Her depression has been the inspiration for much of her writing, and at the same time, music provided a life-line for her to deal with it. Writing songs could act as therapy. She tells me that ‘Songs are my journals’, a means to reach out and communicate her emotional struggles. Singing is one of those activities that releases chemicals that make you feel better, she says, like exercise. ‘When choirs sing together their hearts start beating at the same time.’ This biological response to the physical act of singing and of feeling better has solidified the connection between music and emotions for Owen. She acknowledges that sometimes getting to the point of being able to sing, or sit at a piano, can be a monumental struggle. The key for her is to be as open about it as possible. This is one of the reasons she has settled so well in America. When you tell an American you’re in therapy, they don’t raise an eyebrow. The British response often involves a classic stiff-upper lip and pretending you didn’t hear whilst looking at your shoes. She still, however, loves Britain and frequently returns to savour our sense of humour and other cultural quirks America can’t quite match.

Owen breathes this two-sided life.

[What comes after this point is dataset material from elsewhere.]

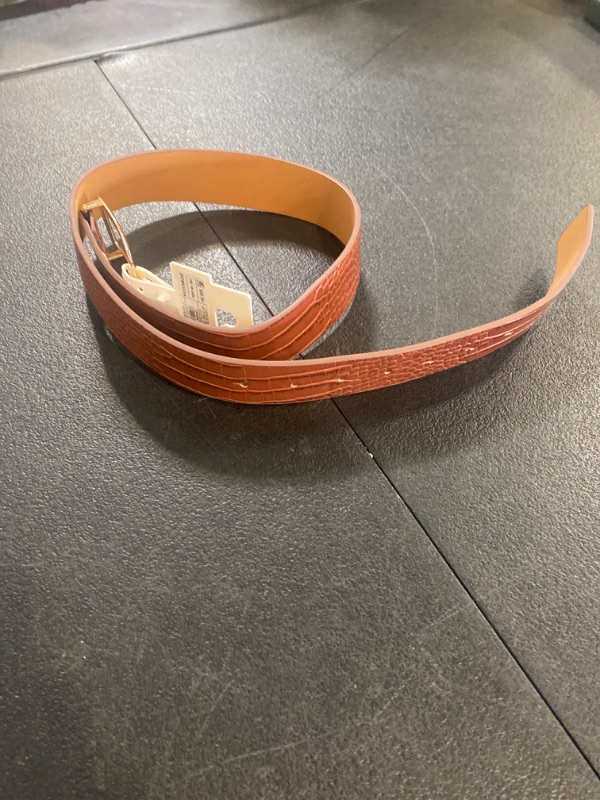 Photo 2 of Women's Square Buckle Belt - a New Day™ Brown S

British and American. Silly and serious. Melancholy and joyful. The result is a pick and mix career: she is a bold, charismatic, silly, mischievous performer who sings deeply earnest, vulnerable and serious songs. ‘I am the queen of the bittersweet song, everything is extremes to me. Gorgeous, awful, beautiful.’ Ebb & Flow expresses a lot of that, but I distinctly get the feeling that to truly appreciate the work of this red-headed, wisecracking London Welsh, American transplant, it needs to be from the audience of a packed-out venue at one of her live shows. If only maybe to catch a glimpse of Yammy hanging out backstage.